An 'Iconathon' is Design-Centric Advocacy That's More Than Symbolic

The Noun Project is calling on the public to help design symbols that can be used to raise awareness for problems facing the L.A. River.

The Los Angeles River is a rare conduit for freshwater in the parched landscape of Southern California. But many visitors and even fulltime residents never even notice it— it’s confined to a series of cement channels that make it look like one big drainage pipe. Following up on a wave of recent grassroots efforts by environmentalists and urbanists to get Angelenos to embrace their city’s watershed, a group of designers is creating awareness about protecting the river through an “Iconathon,” a community workshop to dream up and design a collection of symbols to communicate river-centric concepts to the public.

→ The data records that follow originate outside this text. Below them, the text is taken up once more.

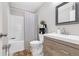 Bright bathroom featuring a tub, patterned shower curtain, wood-look vanity, and decorative accents at 1039 Fern Se Ave, Atlanta, GA 30315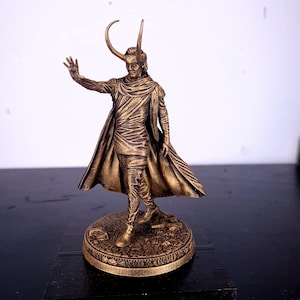 Op de afbeelding: Een gouden beeldje van een personage met hoorns, dat een lange robe draagt en op een ronde basis staat.
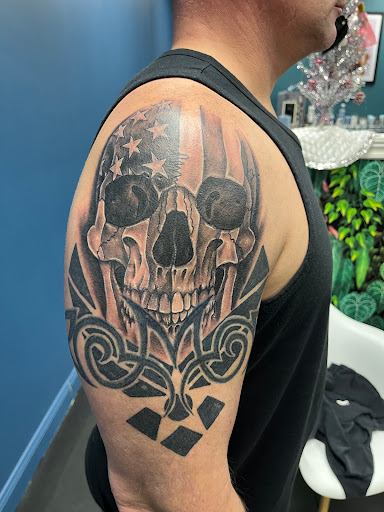 Explore arm tattoo ideas womens, creative tattoo ideas in Grand Island, available at The Shaded Dahlia Piercing & Tattoo Parlor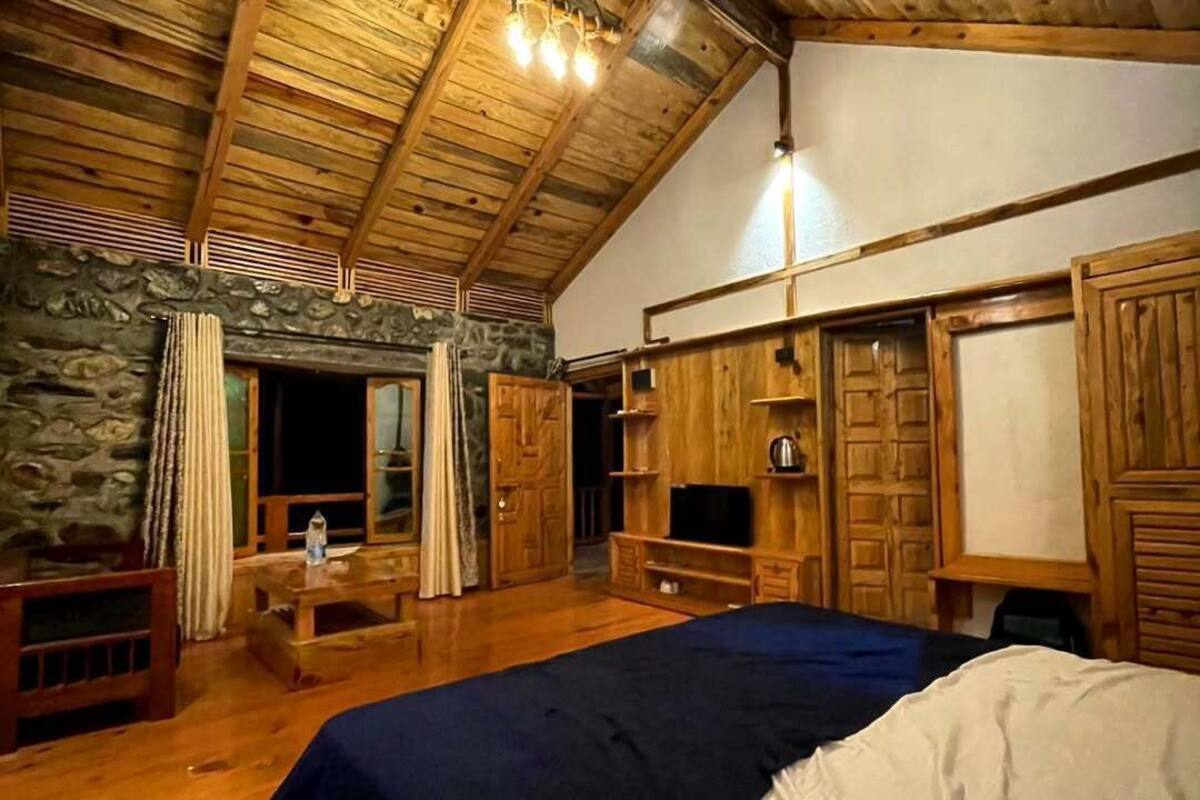 Une pièce rustique en bois, avec un lit, un mur en pierre, des étagères en bois et un téléviseur.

“Symbols are one of the best ways to communicate an idea to a broad strata of the population because they can transcend cultural barriers,” says Edward Boatman, co-founder of the nonprofit behind the event, The Noun Project, and GOOD’s current entrepreneur in residence. But there are “a lot of civic concepts that have not been articulated in a visual way.” In the context of the L.A. River, that could be everything from a symbol to indicate a river access point, to an invasive species, to a drainage ditch that feeds the river. Boatman says the point is to let residents know, “Here is a river and we need to protect it.”

The Noun Project is collaborating with nonprofits that “infinitely know the problems that the river is facing,” including Friends of the Los Angeles River and LA River Revitalization. “We’ve asked them to come up with a list of concepts” to be translated into symbols. At Saturday’s event at LALA gallery in Los Angeles, the group will work with the public and civic leaders, to do rough sketches of the symbols in pencil and paper and analyze which ones work best. Then, Boatman will work with graphic designers to codify the designs and upload them to The Noun Project’s website, and into the public domain, by the end of October.

The hope is that local government will take notice and incorporate the symbols in design projects around the river. Even if the City of L.A. doesn't, "since symbols transcend language barriers, municipalities from around the world can take these things and use them for the rivers that run through their communities,” adds Boatman. In the past, The Noun Project has brought Iconathons to San Francisco, Chicago, New York, and Boston on topics like city services, nutrition, and democracy. They’ve created 60 symbols so far, which are free for the public and municipalities to download and use.